__Goal of the exercise__. Without any pictures, print exactly the lines that run from the start of the data through the line containing "Длинный сгибатель большого".

__Data to examine__.

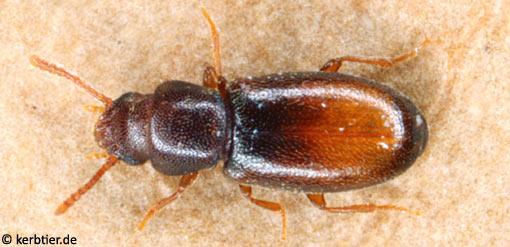 Myrmechixenus subterraneus C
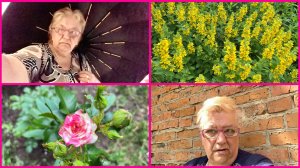 14.06.26 🌺ОГОРОД 🌺 НОВЫЙ ЗОНТ 🌺 НЕМНОГО МОЕГО ВЯЗАНИЯ 🧶
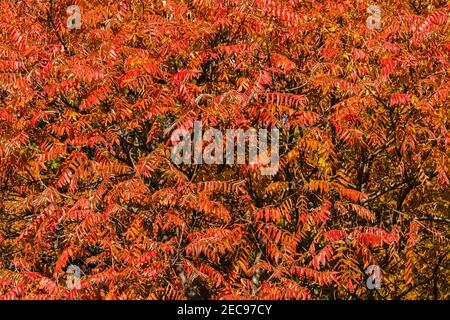 Le staghorn Sumac est un petit arbre que l'on trouve dans les régions ouvertes et perturbées du nord-est des États-Unis et du sud-est du Canada. En automne, il affiche brillant Banque D'Images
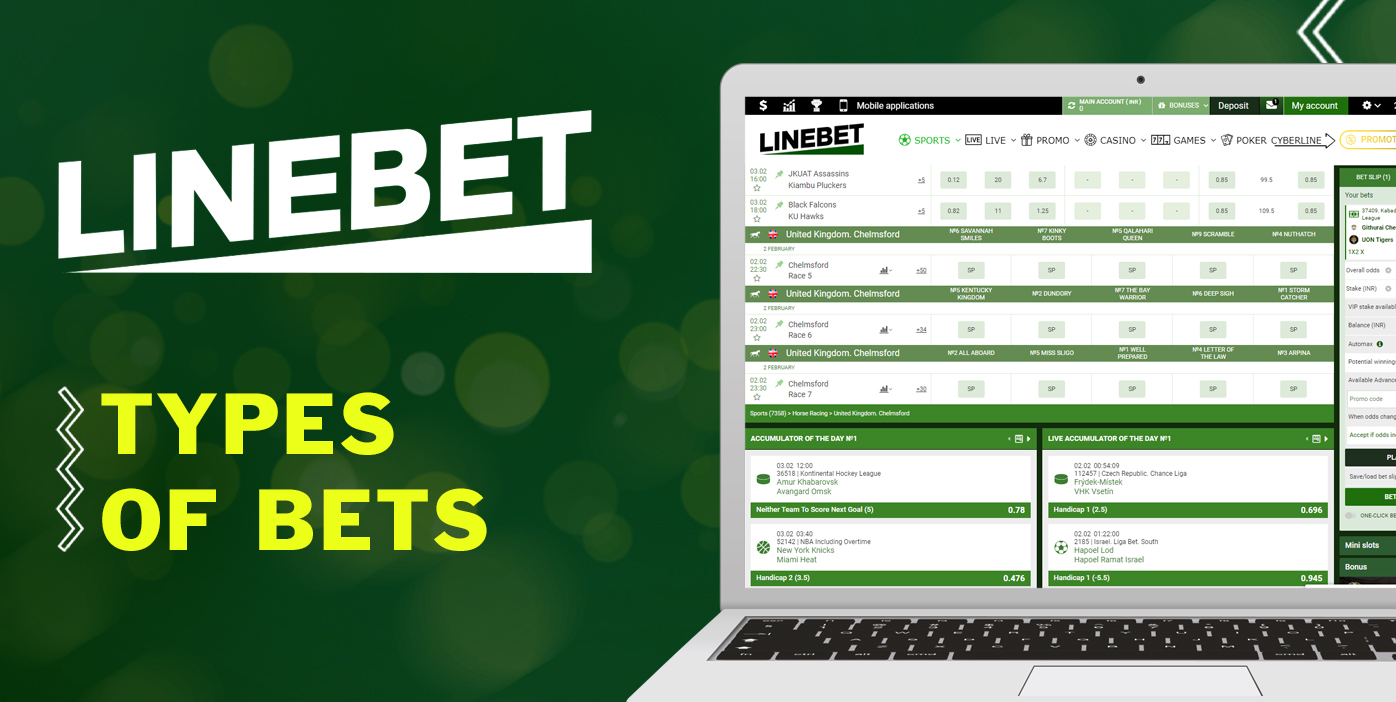 What types of bets users can place on Horse Racing on LineBet 
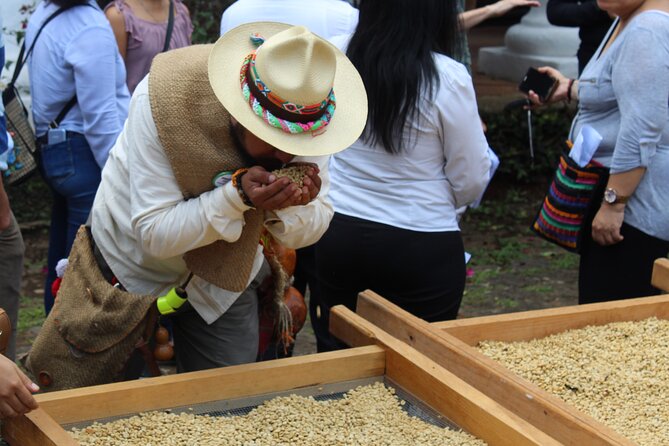 Full Day Coffee Guided Tour in Coatepec - Coatepecs Rich Coffee History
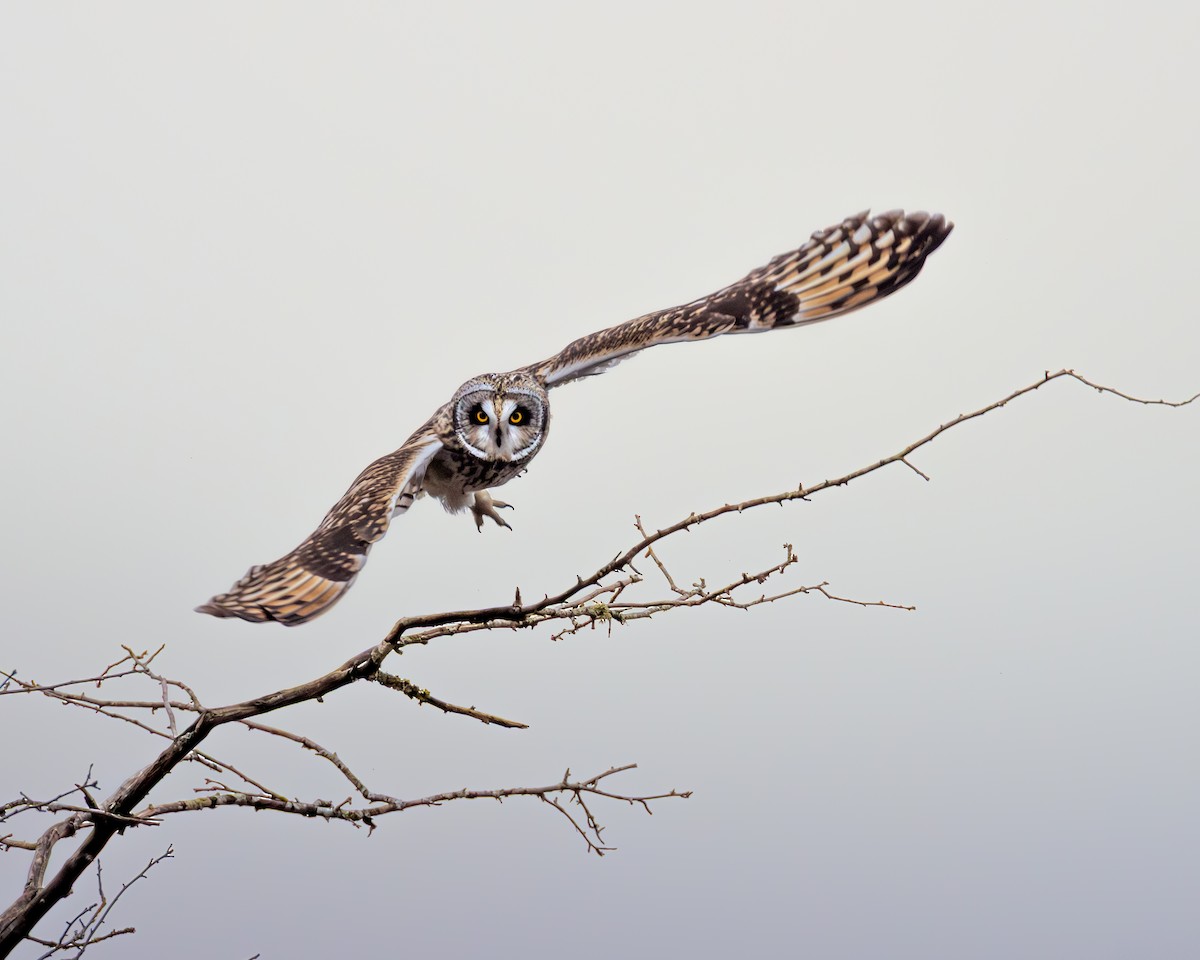 Short-eared Owl - ML646815486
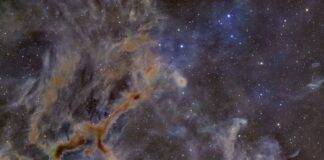 Космічний жираф: вражаюча туманність нагадує небесного звіра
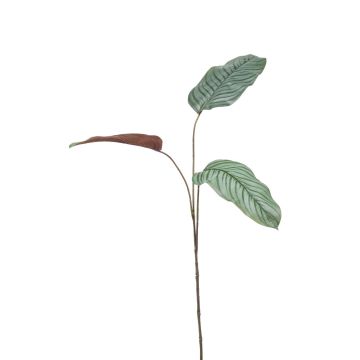 Umělá větev kalatea orbifolia SEGINUS, zeleno-bílá, 110cm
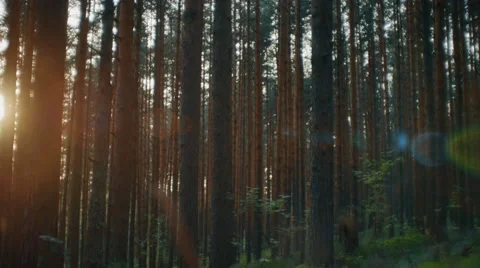 Camera moving across summer pine forest. Sunset light creating beautiful lens Stock Footage 66516393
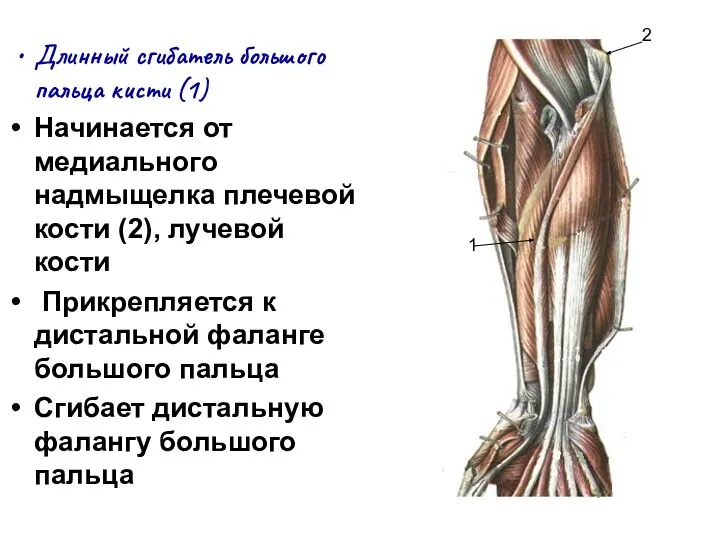 Длинный сгибатель большого пальца кисти (1) Начинается от медиального надмыщелка плечевой кости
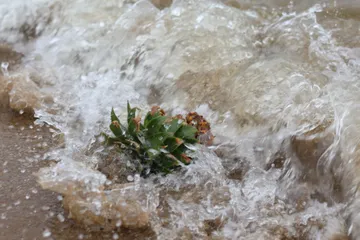 A pineapple top caught in the surf on the sand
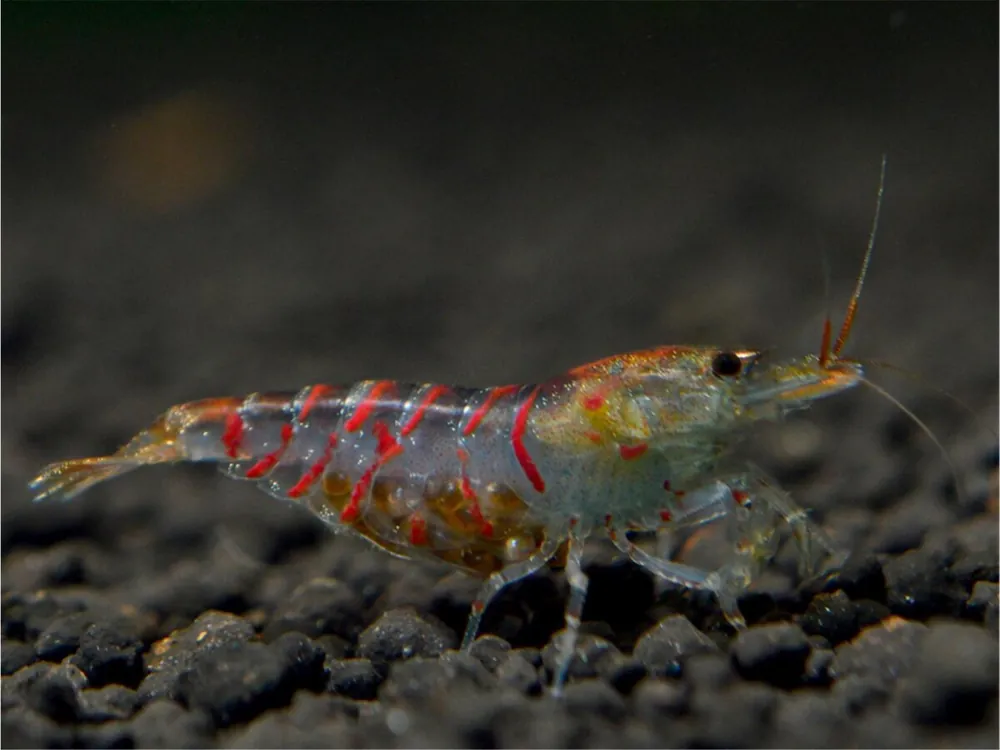 Red Tiger Shrimp - Caridina cantonensis Must-Have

__Reply to the exercise__.
 Myrmechixenus subterraneus C
 14.06.26 🌺ОГОРОД 🌺 НОВЫЙ ЗОНТ 🌺 НЕМНОГО МОЕГО ВЯЗАНИЯ 🧶
 Le staghorn Sumac est un petit arbre que l'on trouve dans les régions ouvertes et perturbées du nord-est des États-Unis et du sud-est du Canada. En automne, il affiche brillant Banque D'Images
 What types of bets users can place on Horse Racing on LineBet 
 Full Day Coffee Guided Tour in Coatepec - Coatepecs Rich Coffee History
 Short-eared Owl - ML646815486
 Космічний жираф: вражаюча туманність нагадує небесного звіра
 Umělá větev kalatea orbifolia SEGINUS, zeleno-bílá, 110cm
 Camera moving across summer pine forest. Sunset light creating beautiful lens Stock Footage 66516393
 Длинный сгибатель большого пальца кисти (1) Начинается от медиального надмыщелка плечевой кости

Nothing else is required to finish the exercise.